The government has looked at Sellafield once before. In the 1980s, an independent group was set up to try to locate a geologically suitable waste dump in Britain. The body eventually settled on Sellafield, and set out to build a £200-million (US$315-million) ‘rock characterization facility’ at the site. In 1997, the proposal was abandoned after local planners rejected it — in part, because of fears that the facility might become a de facto waste dump.

This time, the government vowed to do things differently. The old executive was abolished and in its place new plans were laid out that promised transparency, democratic inclusivity and scientific scrutiny. The plans mirror those of nations such as Finland and Sweden, which are successfully building waste repositories.
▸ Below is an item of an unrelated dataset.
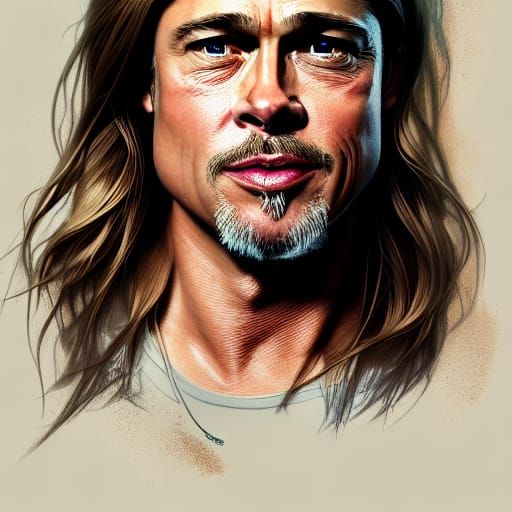 brad Pitt long hair head and shoulders portrait, 8k resolution concept art portrait by Greg Rutkowski, Artgerm, WLOP, Alphonse Mucha dynamic... - AI Generated Artwork - NightCafe Creator brad Pitt long hair head and shoulders portrait, 8k resolution concept art portrait by Greg Rutkowski, Artgerm, WLOP, Alphonse Mucha dynamic... - AI Generated Artwork - NightCafe Creator
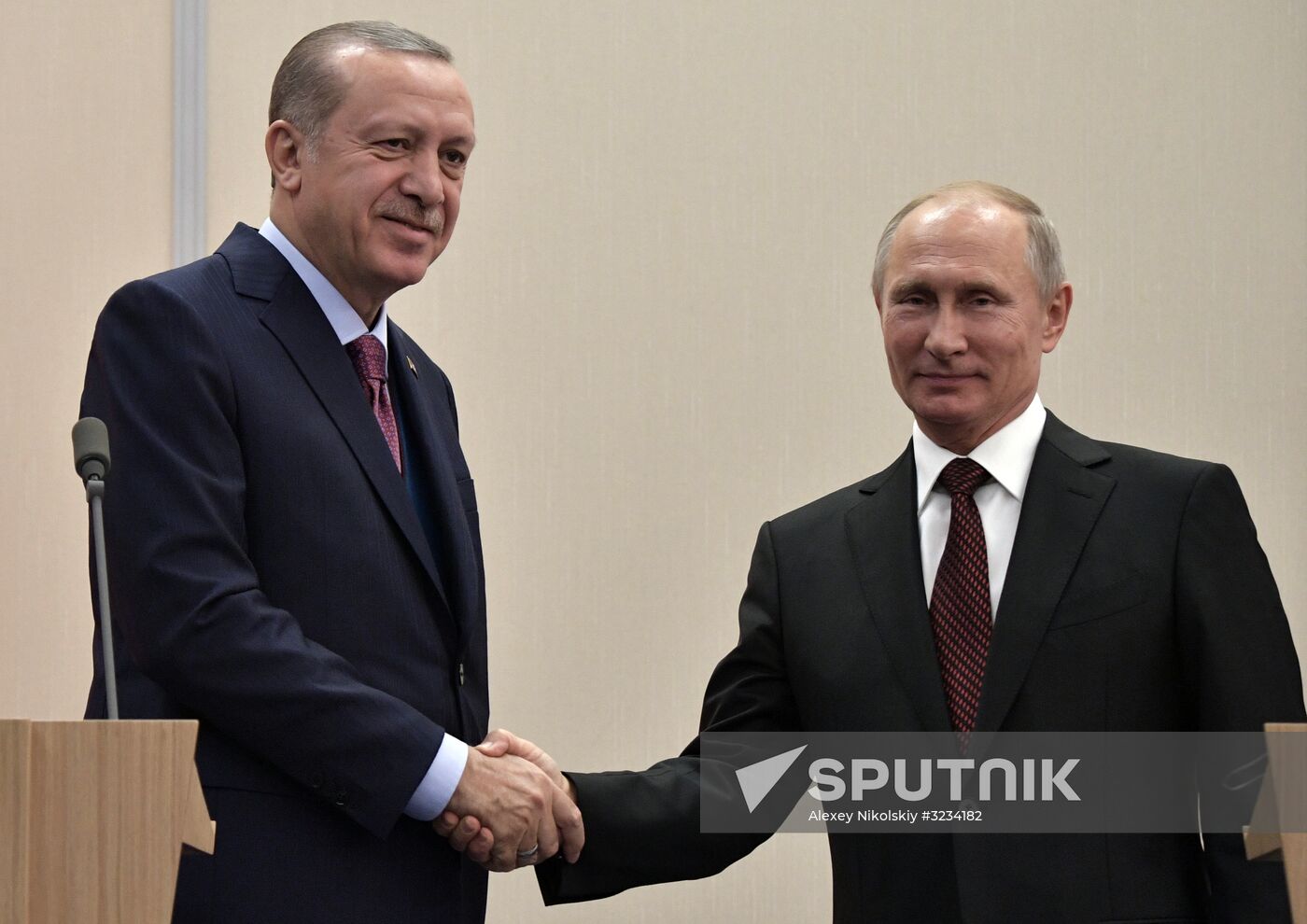 President Vladimir Putin meets with Turkish President Recep Tayyip Erdogan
So why has the process come up empty again? The answer is a lack of political will at almost every level of government. Critics say that the Nuclear Decommissioning Authority, the body responsible for the repository, never did much to try to sell the facility to local residents or to address their concerns about what it might do to property prices or tourism. At a national level, politicians offered only the vaguest promise of ‘economic development’ in exchange for taking the waste. Meanwhile, local politicians advocated an alternative plan: to build more short-term storage at Sellafield, thereby creating jobs in the near-term without making long-term commitments.

There are moral, financial and environmental reasons to make deep geological disposal work.

The United Kingdom is not alone in its nuclear torpor. In the United States, efforts to build a repository are in the doldrums following a decision to withdraw from a proposed site at Yucca Mountain in Nevada. A panel has recommended a site-selection exercise similar to the one carried out in the United Kingdom, but there is little reason to believe that it could do any better. The very act of looking at places other than Yucca Mountain will require a change to legislation — unlikely given the nation’s current political paralysis.

In the meantime, the bills from neglecting the waste are piling up. The US Nuclear Regulatory Commission faces a costly lawsuit from states and utility companies seeking to have their nuclear waste taken away, as required by federal law. In the United Kingdom, the endless clean-up of Sellafield drags on; it has cost more than £67.5 billion so far, according to a report released this week by a parliamentary committee. At the Fukushima Daiichi nuclear plant in Japan, spent fuel stored above ground at reactors is likely to have been a major source of contamination following the earthquake and tsunami in 2011. At the last count, the clean-up there is expected to cost trillions of yen, or hundreds of billions of dollars.

The bleak situation might encourage some on both sides of the Atlantic to search for a quick fix. Already, there is talk in the United Kingdom of officials trying to bypass Cumbria County Council by going directly to the local communities of Allerdale and Copeland, which supported the survey work. In the United States, some in industry would like to see the plans for a repository at Yucca Mountain revised, despite Nevada’s promise to fight it tooth and nail. Advocates of these solutions may feel that they are in the right, but they are guilty of political myopia: although it might be possible to nudge the projects forward briefly, they would quickly become bogged down again in a mire of legal and civil challenges.

It seems likely that both nations must start again. Scientists can help by reminding politicians that there are moral, financial and environ­mental reasons to make deep geological disposal work. Given the enormous costs of inaction, it is in everyone’s interest to keep trying.